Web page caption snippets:

· · · · ·

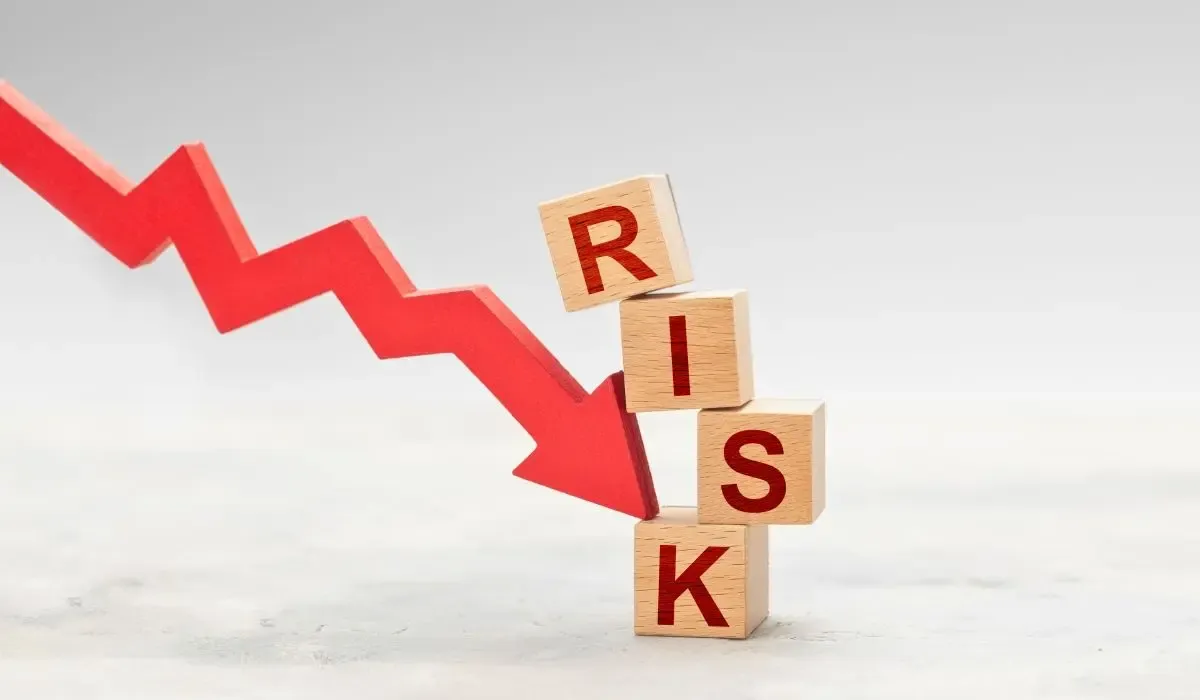 An image of a downward red arrow representing financial or currency risk, knocking over wooden blocks that spell the word 'RISK.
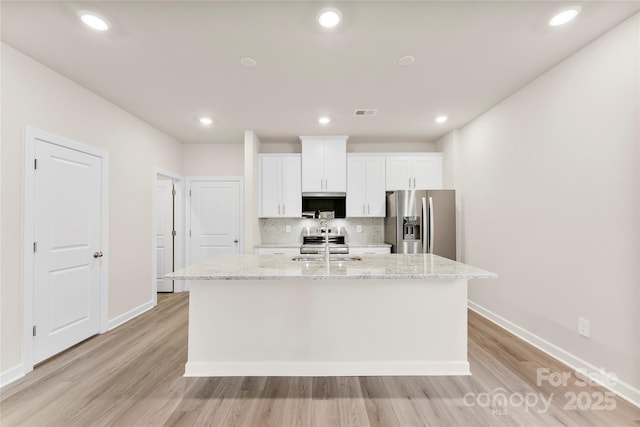 kitchen with white cabinets, an island with sink, sink, stainless steel fridge, and light stone counters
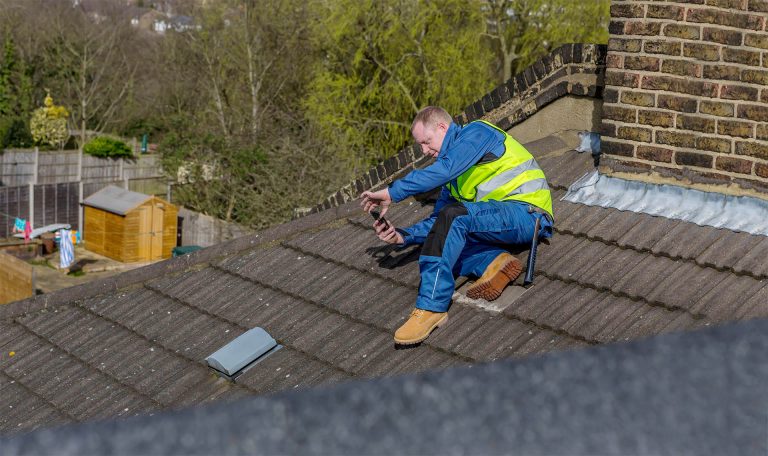 An Aspect roofer performing a roof survey, taking photos on a pitched section of roof.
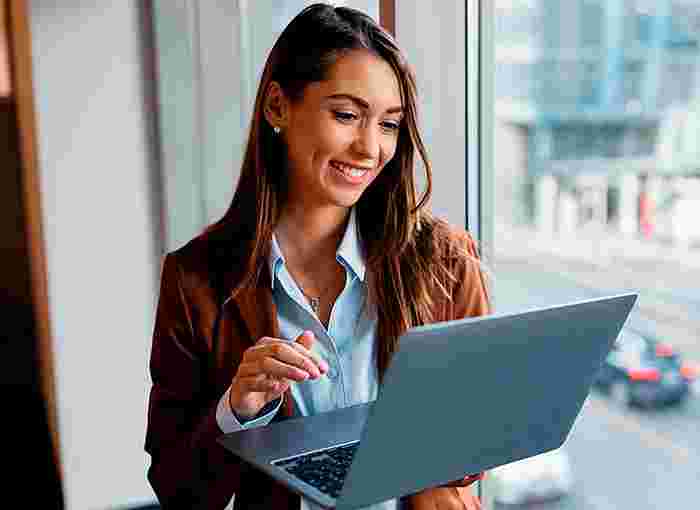 A professional woman in a blazer stands by a window overlooking a city while working on her laptop using Optimum Business Internet.
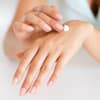 Frau trägt sich Creme auf Hand auf Handcreme Bodylotion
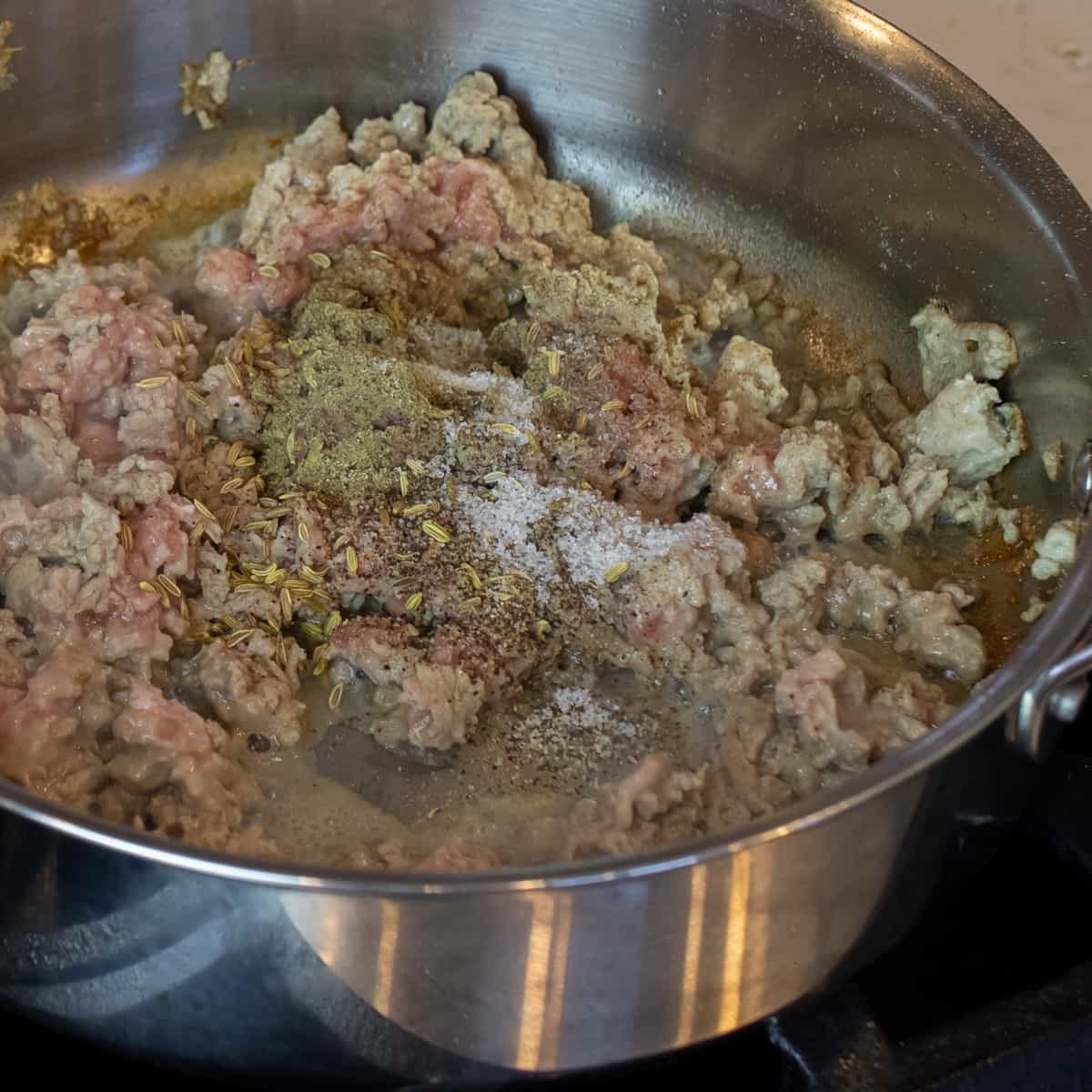 Spices on cooked ground chicken in a skillet.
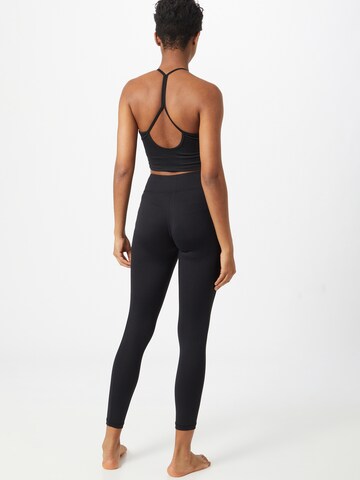 CURARE Yogawear Skinny Sporthose in Schwarz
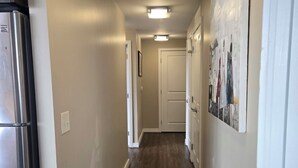 Un couloir étroit avec un plancher en bois, un tapis et un réfrigérateur sur le côté gauche.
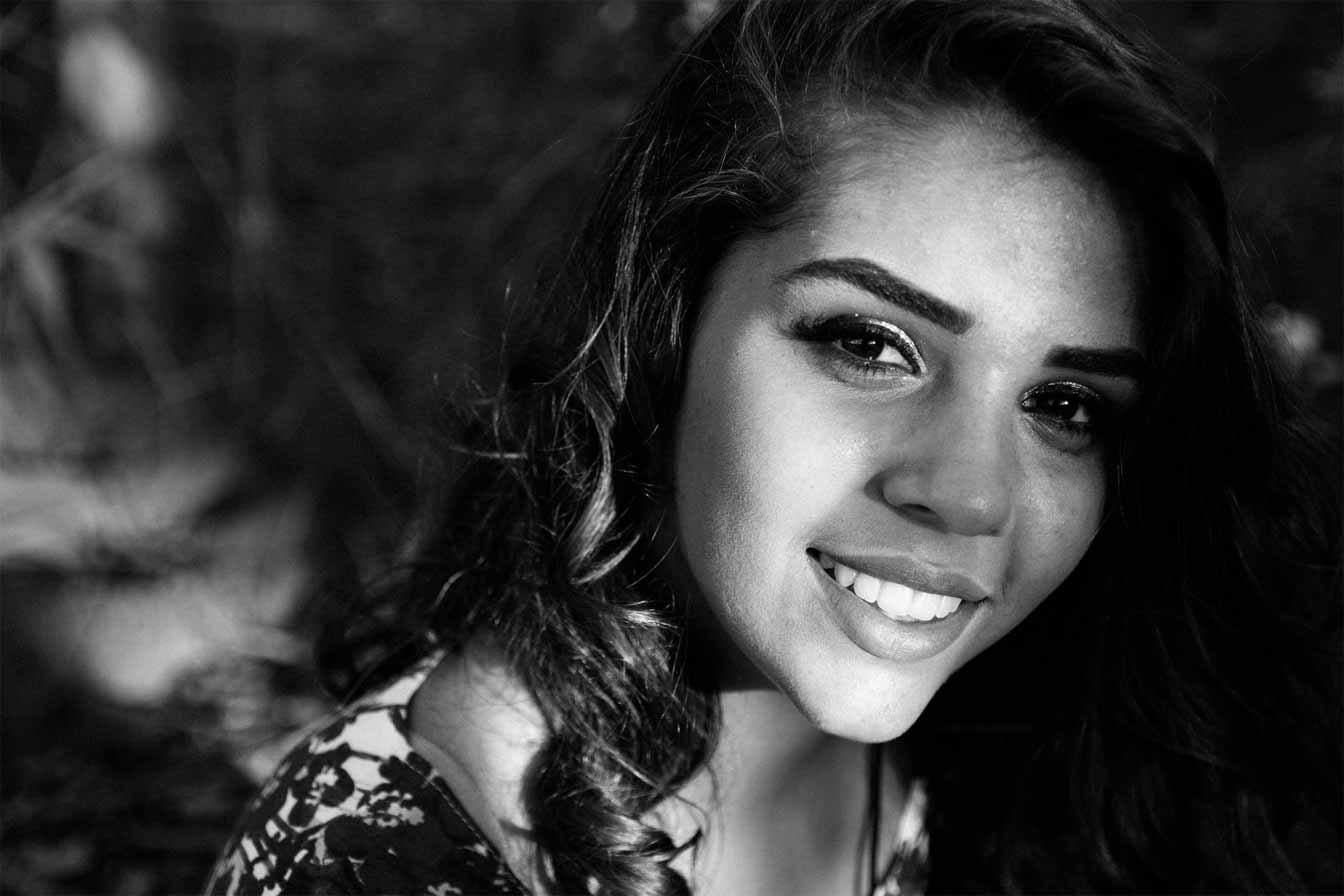  A black and white photo of a smiling Colombian woman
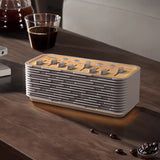 Compact wireless speaker with integrated ambient lighting feature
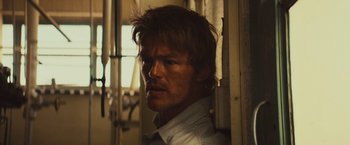 Movie still from “Run & Gun” (2022), directed by Christopher Borrelli – A person wearing a white shirt; Close Up shot, Over the shoulder angle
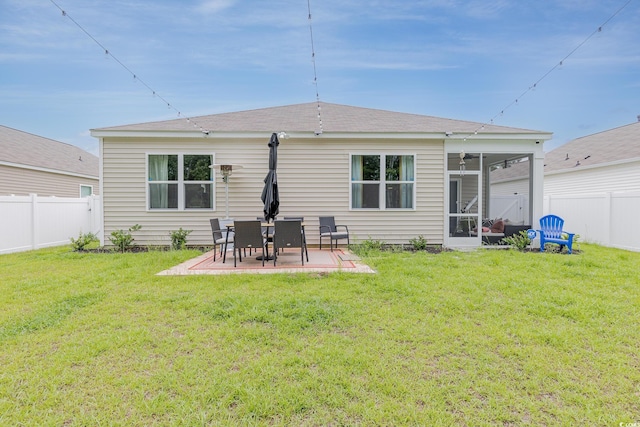 rear view of property with a patio, a fenced backyard, and a lawn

· · · · ·

[What the task asks]:
Repeat the entries verbatim; no pictures.

[Exercise solution]:
 An image of a downward red arrow representing financial or currency risk, knocking over wooden blocks that spell the word 'RISK.
 kitchen with white cabinets, an island with sink, sink, stainless steel fridge, and light stone counters
 An Aspect roofer performing a roof survey, taking photos on a pitched section of roof.
 A professional woman in a blazer stands by a window overlooking a city while working on her laptop using Optimum Business Internet.
 Frau trägt sich Creme auf Hand auf Handcreme Bodylotion
 Spices on cooked ground chicken in a skillet.
 CURARE Yogawear Skinny Sporthose in Schwarz
 Un couloir étroit avec un plancher en bois, un tapis et un réfrigérateur sur le côté gauche.
  A black and white photo of a smiling Colombian woman
 Compact wireless speaker with integrated ambient lighting feature
 Movie still from “Run & Gun” (2022), directed by Christopher Borrelli – A person wearing a white shirt; Close Up shot, Over the shoulder angle
 rear view of property with a patio, a fenced backyard, and a lawn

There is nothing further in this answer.